DATASET CONTENT:
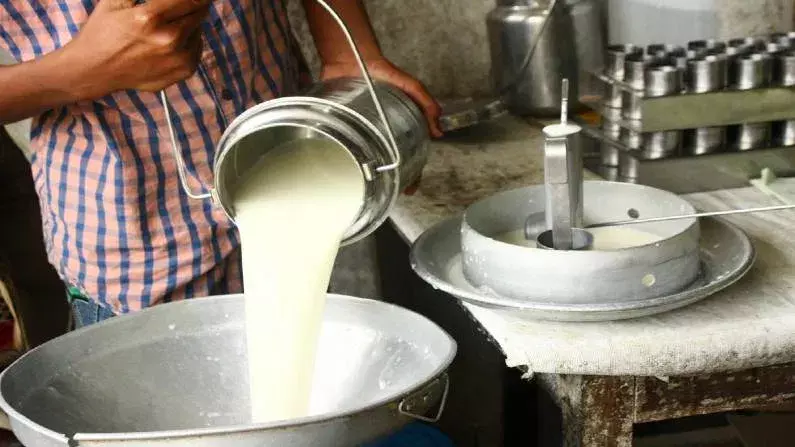 Chandigarh: हरियाणा में दुग्ध उद्योग को मिलेगा नया उड़ान Chandigarh: हरियाणा में दुग्ध उद्योग को मिलेगा नया उड़ान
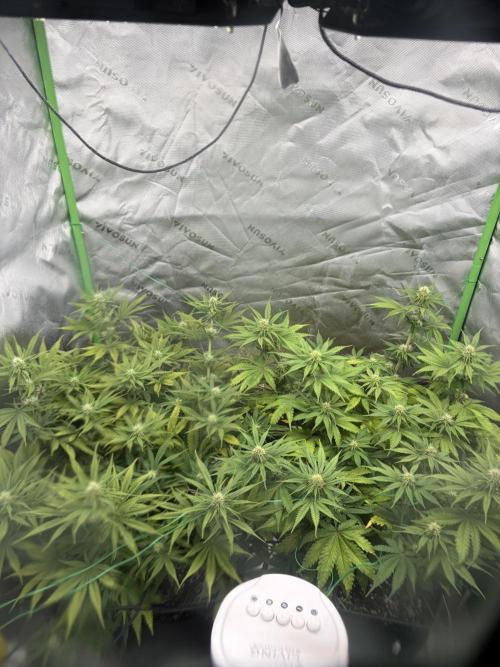 Fastbuds grow. Week 5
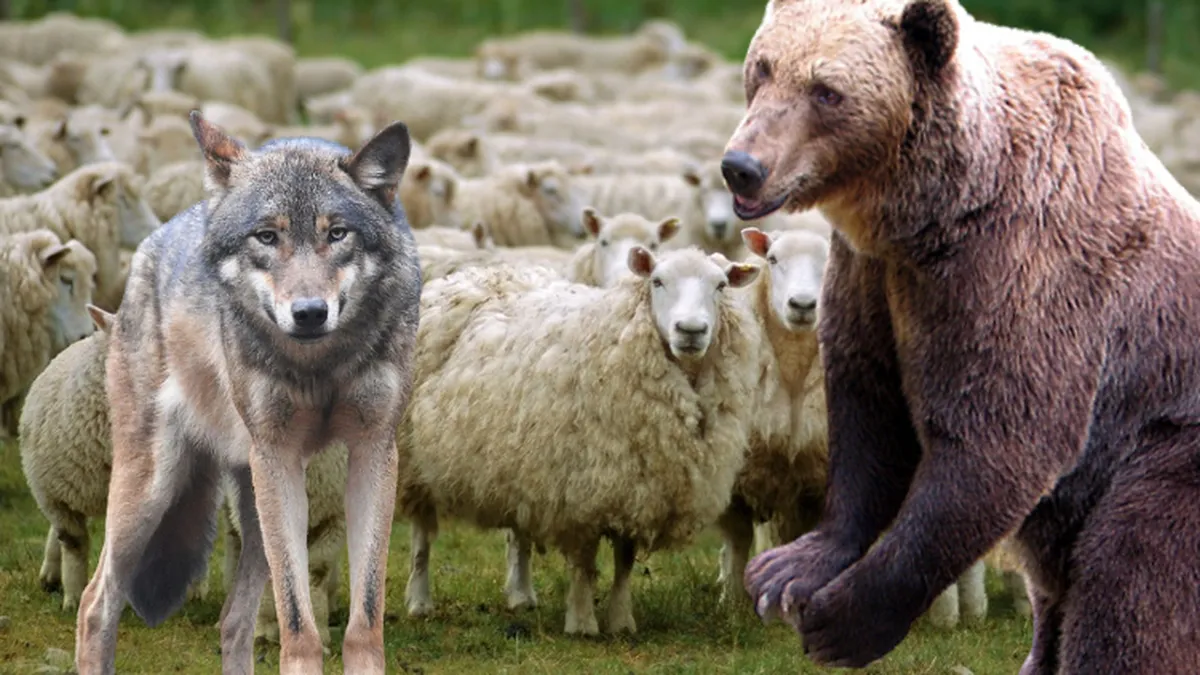 Cioban din Vrancea primește despăgubiri de peste 11.000 de euro în urma celui mai mare atac al animalelor sălbatice. A pierdut 100 de oi într-o noapte!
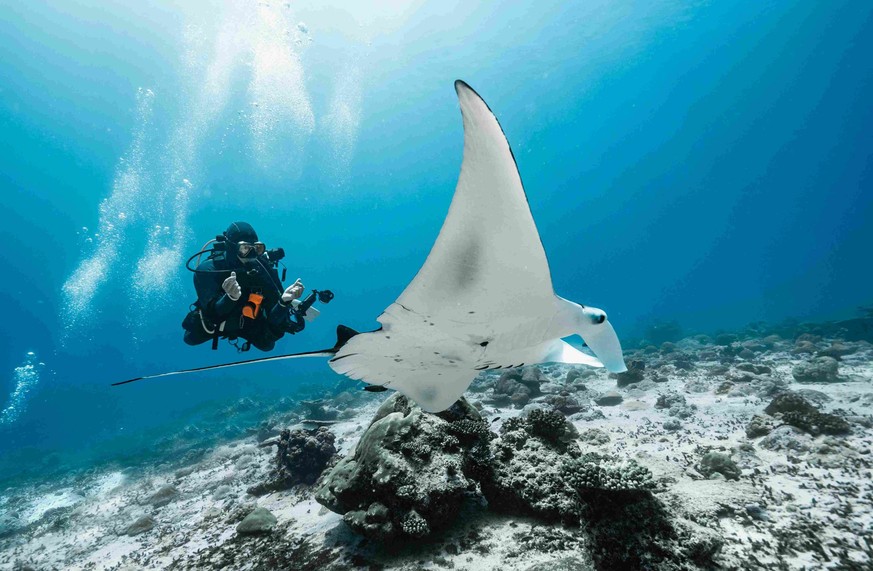 Les Maldives sont une destination très prisée des touristes amateurs de plongée.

WORK ORDER: Please transcribe the material above exactly as written. Leave the pictures out.

RESPONSE TO THIS EXERCISE:
 Chandigarh: हरियाणा में दुग्ध उद्योग को मिलेगा नया उड़ान Chandigarh: हरियाणा में दुग्ध उद्योग को मिलेगा नया उड़ान
 Fastbuds grow. Week 5
 Cioban din Vrancea primește despăgubiri de peste 11.000 de euro în urma celui mai mare atac al animalelor sălbatice. A pierdut 100 de oi într-o noapte!
 Les Maldives sont une destination très prisée des touristes amateurs de plongée.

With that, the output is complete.